*** COLLECTED MATERIAL ***

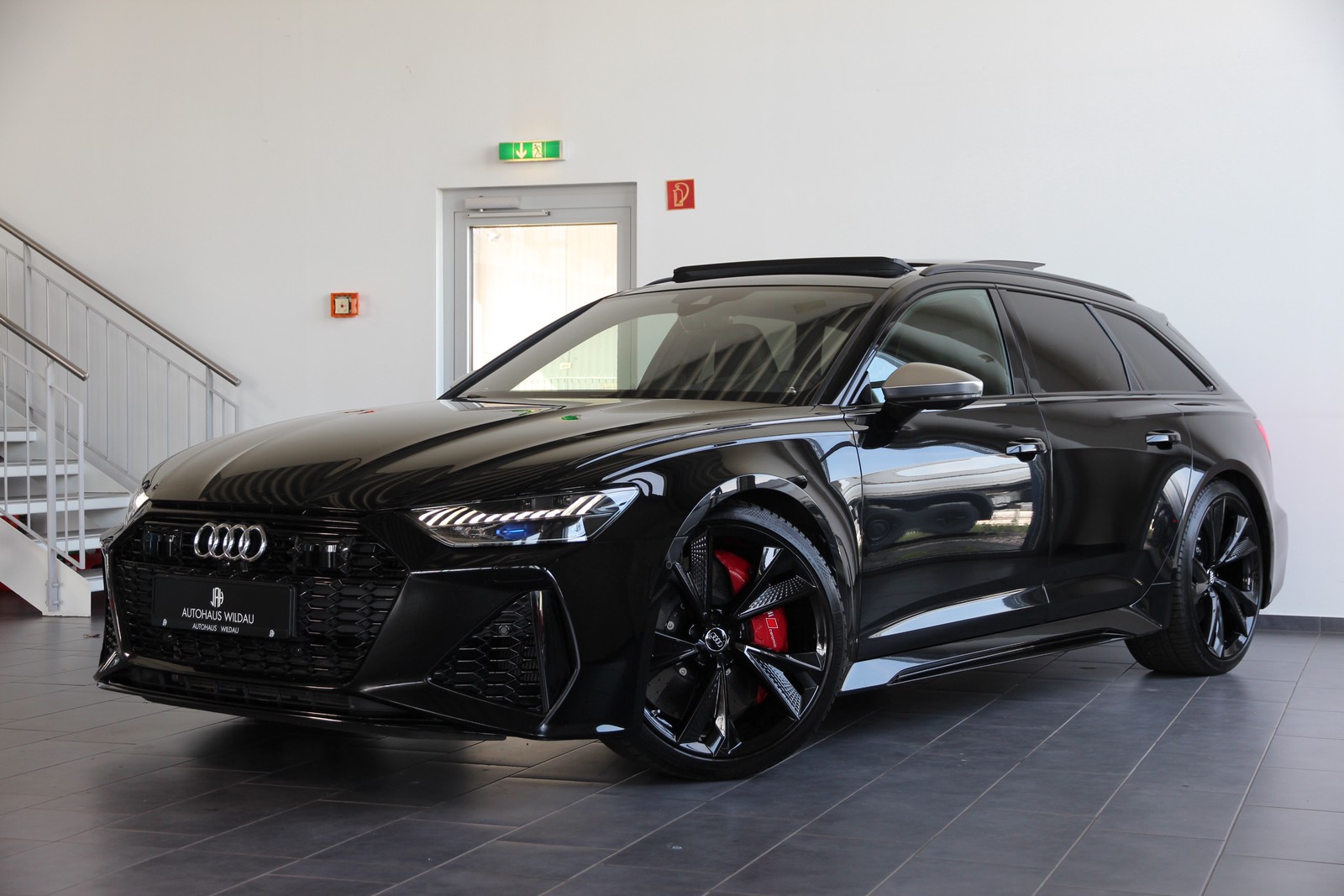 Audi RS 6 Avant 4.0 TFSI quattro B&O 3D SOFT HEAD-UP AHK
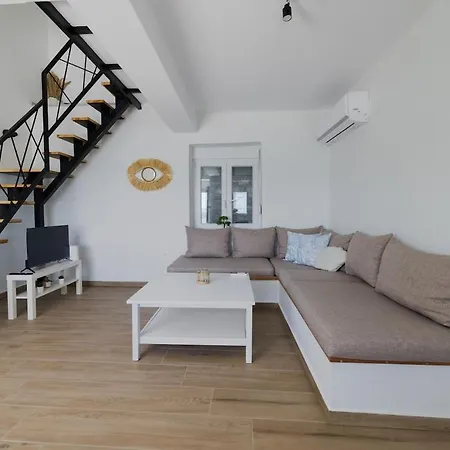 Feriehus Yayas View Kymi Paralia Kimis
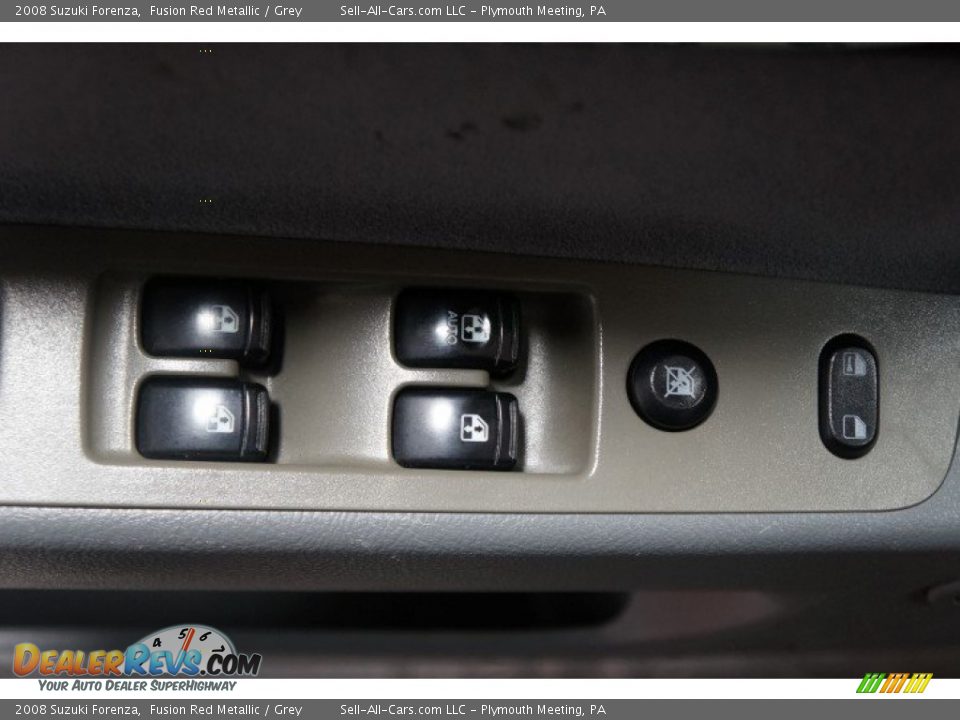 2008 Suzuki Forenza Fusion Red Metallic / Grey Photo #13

*** End of COLLECTED MATERIAL ***

§ WHAT IS NEEDED
All of the data above should be printed again exactly, though none of the pictures belong in the copy.

§ EXERCISE ANSWER
 Audi RS 6 Avant 4.0 TFSI quattro B&O 3D SOFT HEAD-UP AHK
 Feriehus Yayas View Kymi Paralia Kimis
 2008 Suzuki Forenza Fusion Red Metallic / Grey Photo #13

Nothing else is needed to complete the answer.